Work required ::
After locating the line that holds "DriftFlow 40 oz", repeat it and each following line exactly until the material ends, skipping pictures.

Data ::
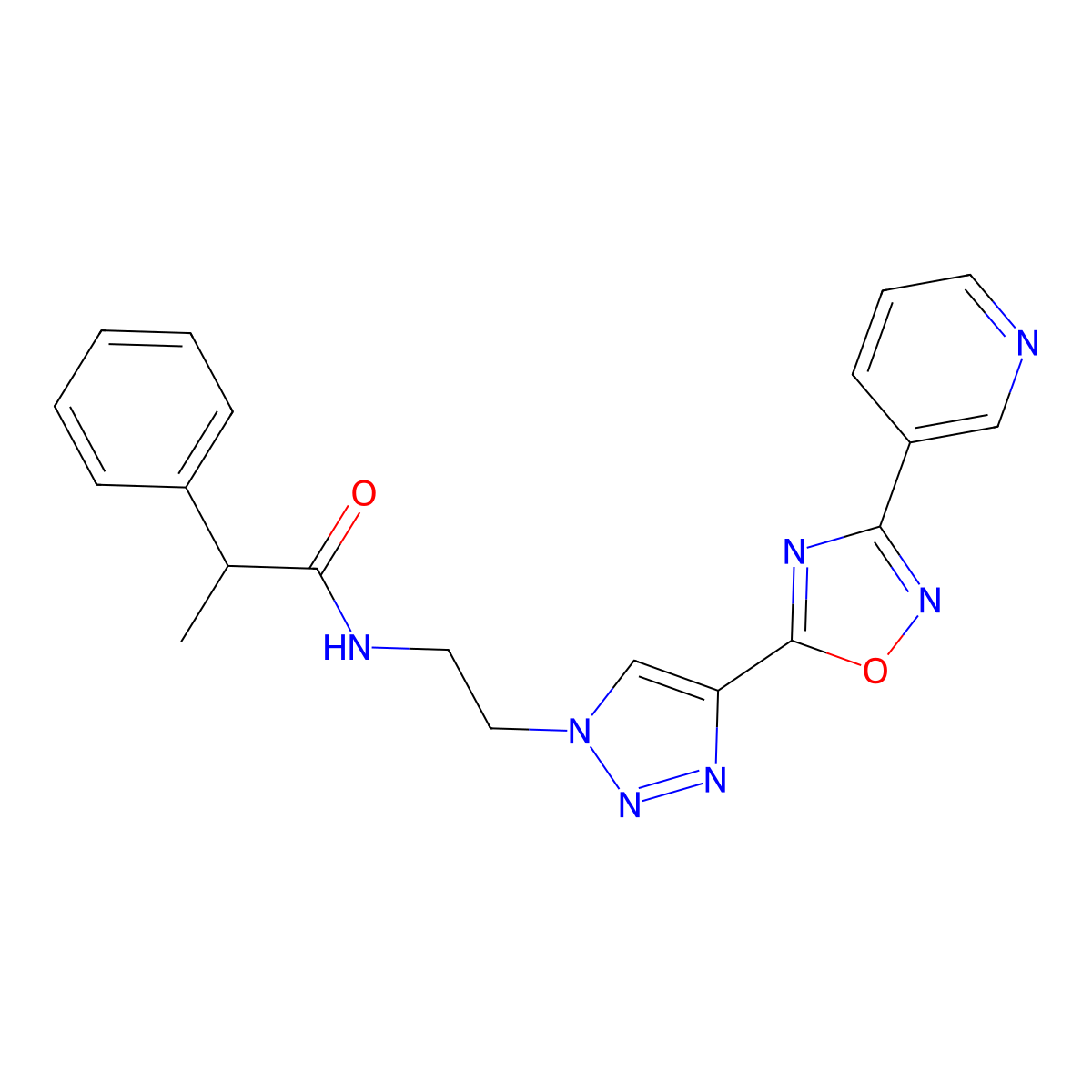 2-phenyl-N-(2-(4-(3-(pyridin-3-yl)-1,2,4-oxadiazol-5-yl)-1H-1,2,3-triazol-1-yl)ethyl)propanamide molecular structure, CAS 2034393-82-1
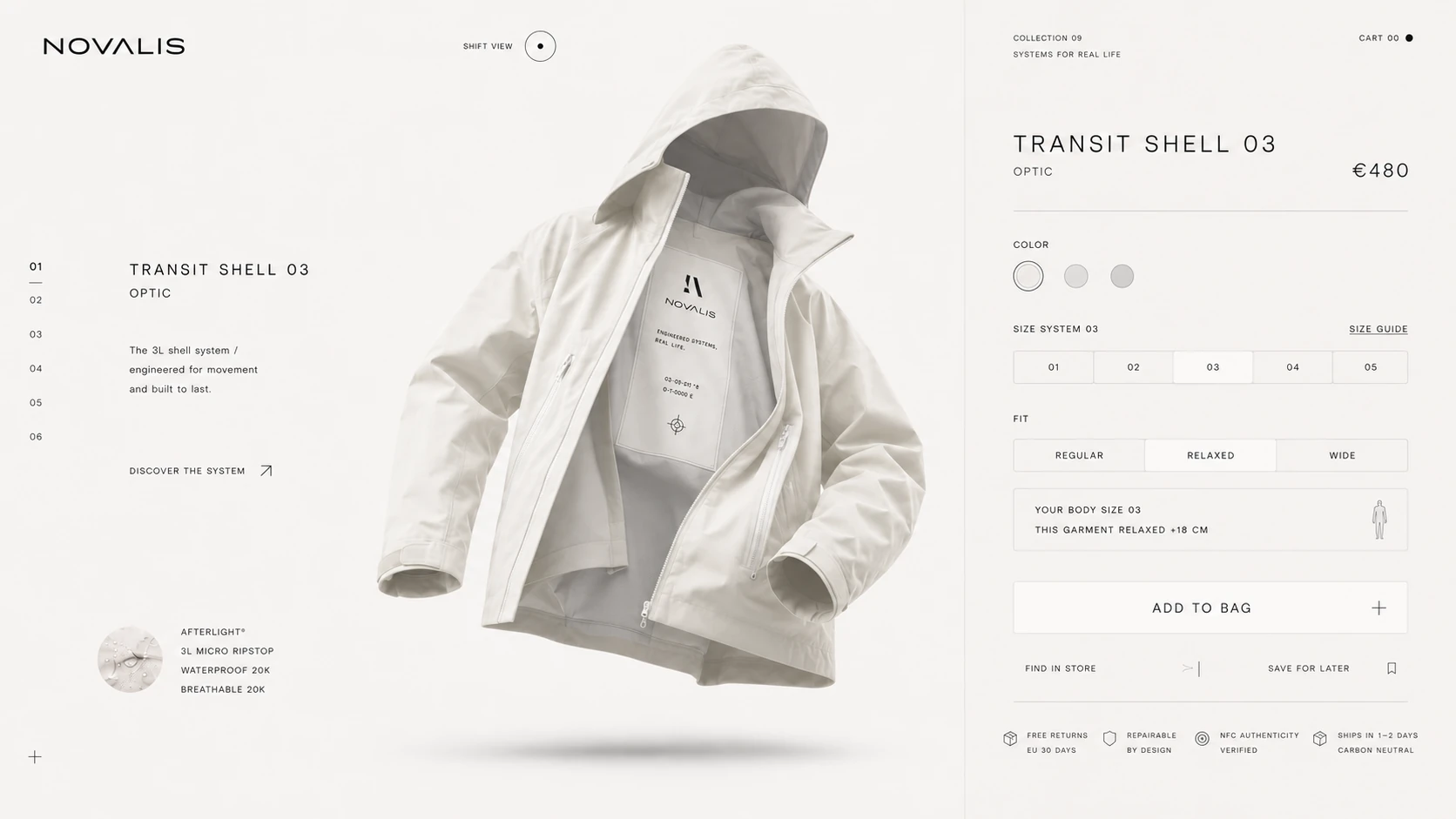 NOVALIS-webshop: Transit Shell 03, productbeeld en functionele productkeuzes.
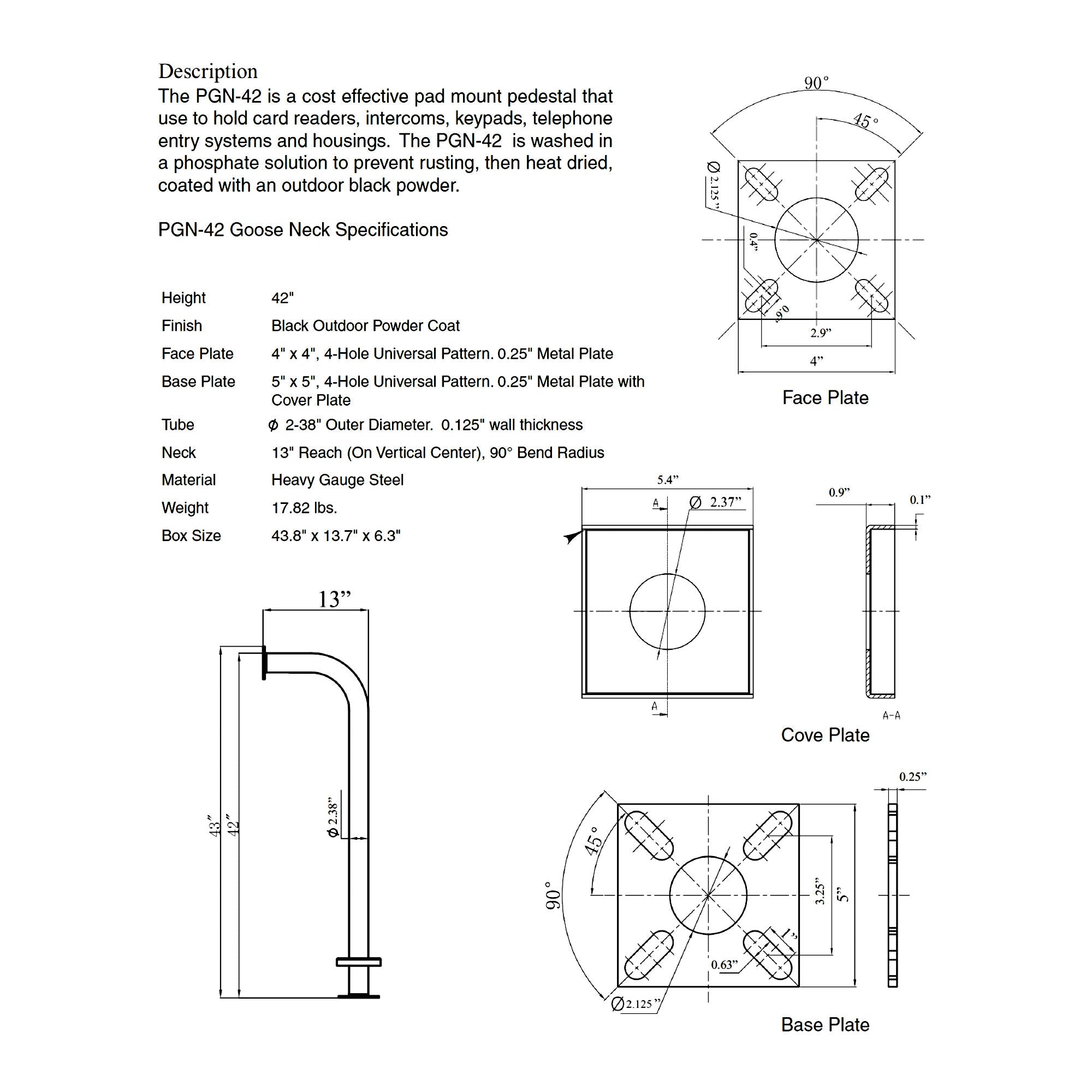 Platinum Access PGN-42 Gooseneck Pedestal Post 42 Inch – Elite Gates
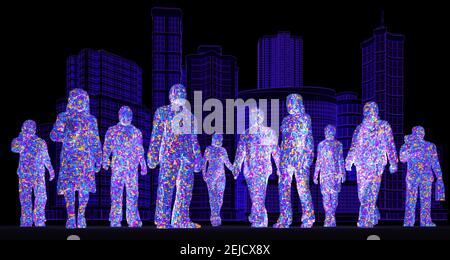 Personaggi composti da pixel incandescenti di fronte agli edifici. Illustrazione 3D Foto Stock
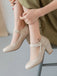 Retro Round Toe Solid Bowknot Chunky Heels - vintage shoes, retro heels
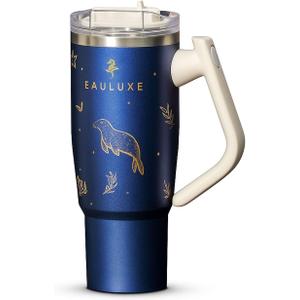 DriftFlow 40 oz Tumbler  180 Rotating Handle & Rotating Straw Lid, Double-Wall 18/8 Stainless Steel, Leak-Proof, Keeps Drinks Hot 13h/Cold 25h  Midnight Blue with 3D Gold Embossing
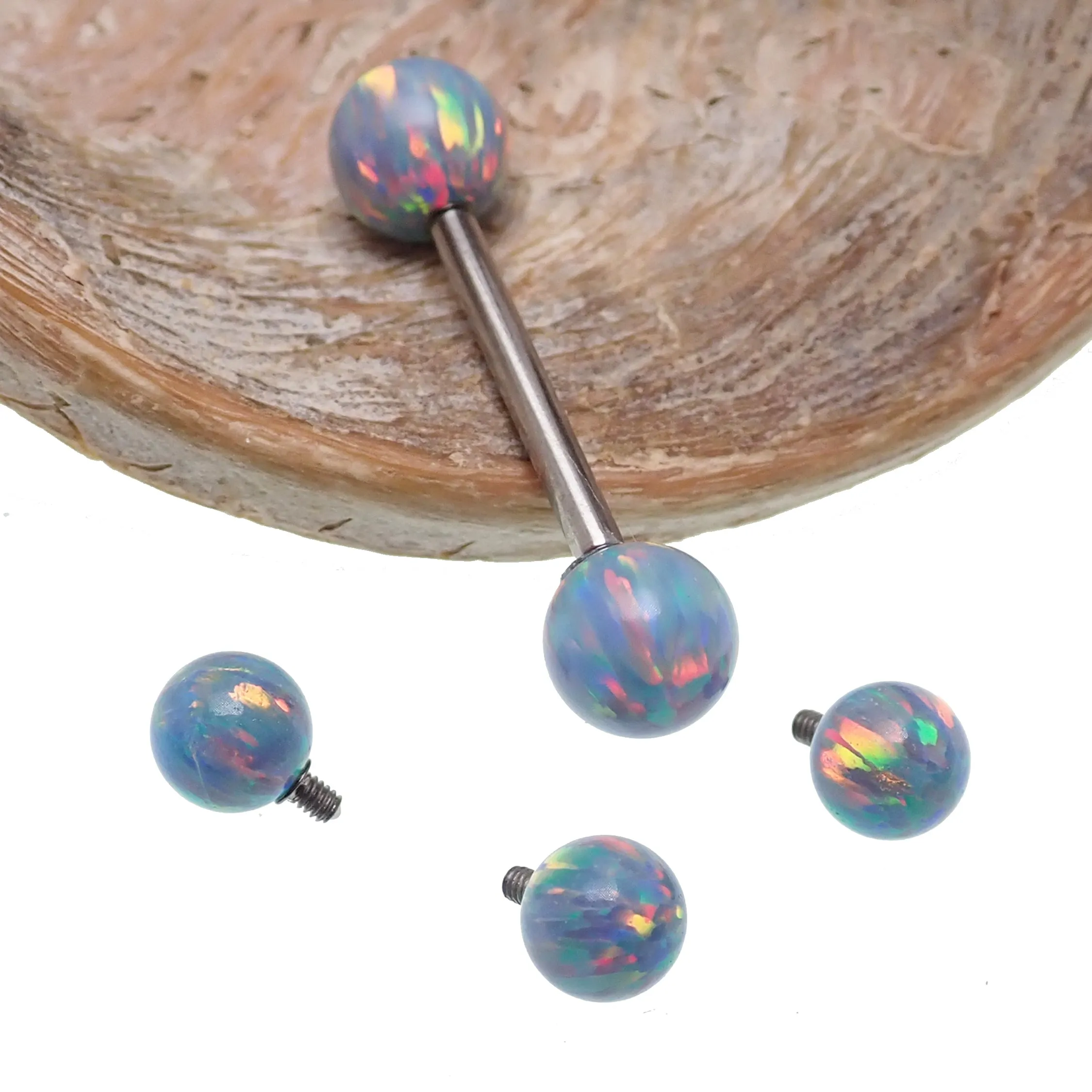 Mystic Grey 5mm, 6mm fire Opal Titanium Nipple Ring 14g, 12g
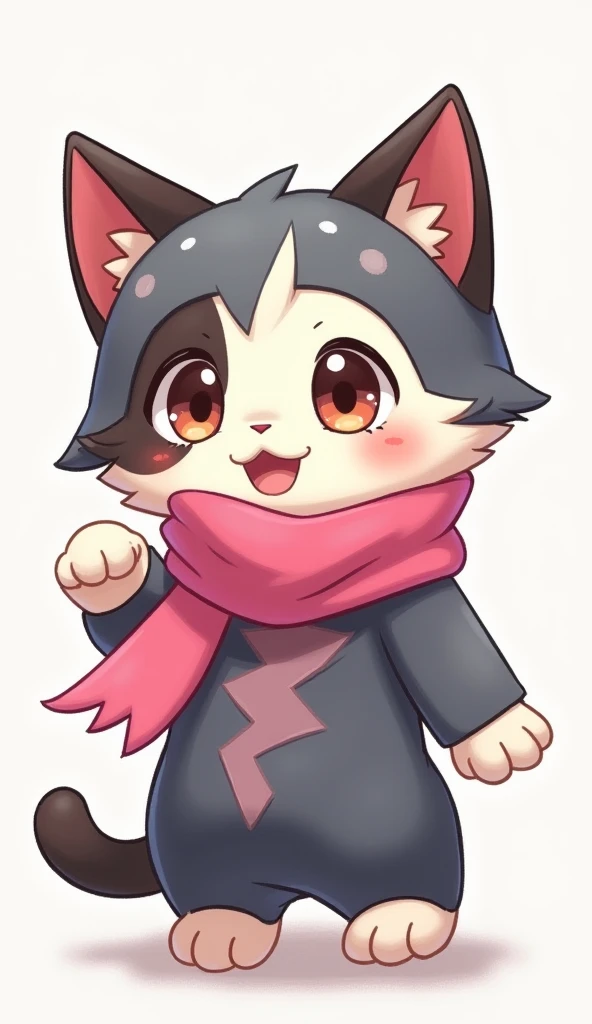 A cat dressed in a Greninja cosplay costume, featuring a pink scarf around its neck. big eyes、kitten、whole body、 simple background 、Fluffy and big 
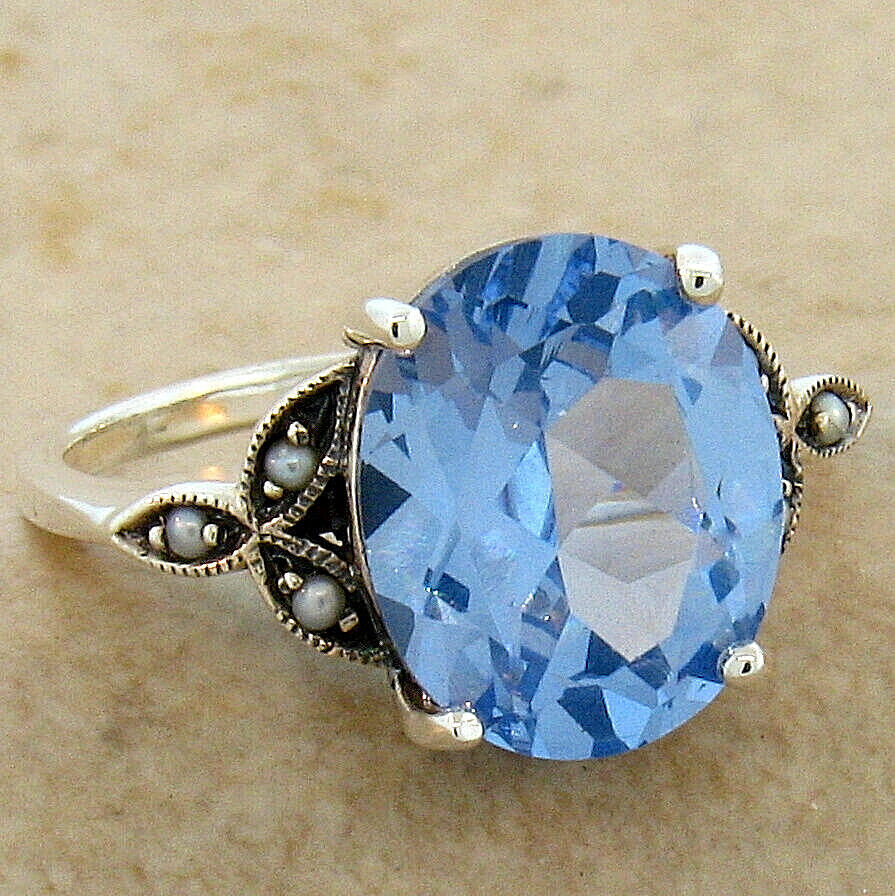 VICTORIAN STYLE 925 STERLING SILVER SIMULATED 5 CT AQUAMARINE PEARL RING    #385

Expected output ::
 DriftFlow 40 oz Tumbler  180 Rotating Handle & Rotating Straw Lid, Double-Wall 18/8 Stainless Steel, Leak-Proof, Keeps Drinks Hot 13h/Cold 25h  Midnight Blue with 3D Gold Embossing
 Mystic Grey 5mm, 6mm fire Opal Titanium Nipple Ring 14g, 12g
 A cat dressed in a Greninja cosplay costume, featuring a pink scarf around its neck. big eyes、kitten、whole body、 simple background 、Fluffy and big 
 VICTORIAN STYLE 925 STERLING SILVER SIMULATED 5 CT AQUAMARINE PEARL RING    #385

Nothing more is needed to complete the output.